We begin today’s roundup with The New York Times and its editorial on Donald Trump’s denial of thousands of deaths in Puerto Rico:
[T]here is little question that things could have been handled much better — Mr. Trump’s memorable chucking of paper towels at devastated islanders notwithstanding. Even the Federal Emergency Management Agency and the Government Accountability Office have found as much. [...]

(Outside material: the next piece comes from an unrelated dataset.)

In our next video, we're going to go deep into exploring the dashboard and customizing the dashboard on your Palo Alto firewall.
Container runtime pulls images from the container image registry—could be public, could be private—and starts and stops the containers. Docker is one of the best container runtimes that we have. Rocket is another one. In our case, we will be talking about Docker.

Mr. Trump seems incapable of processing new information or learning from mistakes. Instead, he did what he always does: reject inconvenient data in favor of a story in which he is the hero. In the president’s view, increases in the official death toll cannot possibly stem from a more comprehensive analysis. They must stem from yet another conspiracy by his political enemies. The 3,000 lives lost, in other words, are all about him.

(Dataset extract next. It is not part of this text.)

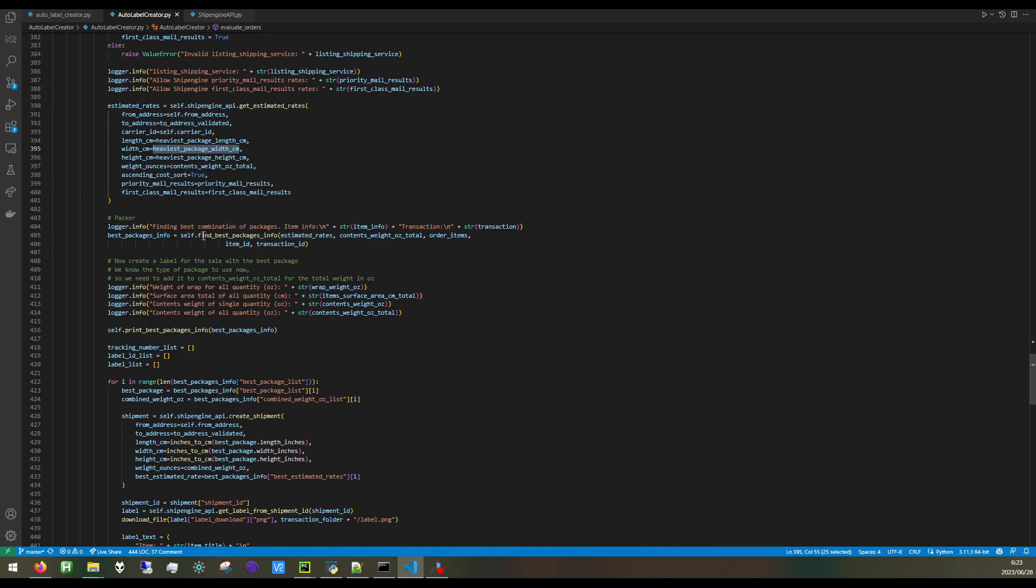The ShipEngine API, I also made a method for getting the estimated rates. We are sending in the information of the buyer to the ShipEngine API to get an estimate for how much it would cost to send an item of the weights of the item to ship to the buyer from your address with the heaviest box.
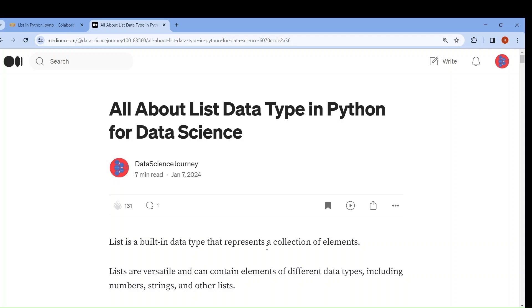Hello everyone, welcome back to my channel. In this session we will talk about the list data type in Python.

Democrats don’t need to lift a finger to make him look bad. He is managing that all on his own.
Here’s Van Newkirk’s take at The Atlantic:
I’ve talked to people in Puerto Rico who lost loved ones during Hurricane Maria. I’ve interviewed whole extended families struggling to locate one another and fearing for the worst, clinging to sporadic WhatsApp updates and making daily pilgrimages across the island to tiny archipelagos of cellphone service. I’ve heard stories of cousins who disappeared and people in nursing homes or on dialysis for whom the shock of the storm and the attrition of life without electricity proved deadly. I talked to doctors who were overwhelmed with critical and dying patients, and who soldiered on through darkness. There are pictures in the papers of the deceased, and as I’ve written about here, a slew of studies has attempted to capture just how many people did die. The exact number has been in contention, and no amount of exactness can quantify the exact scale of human loss. But what researchers, the Puerto Rican government, the Puerto Rican people, and people of any level of discernment agree on is that the number is large, and the scale is truly tragic.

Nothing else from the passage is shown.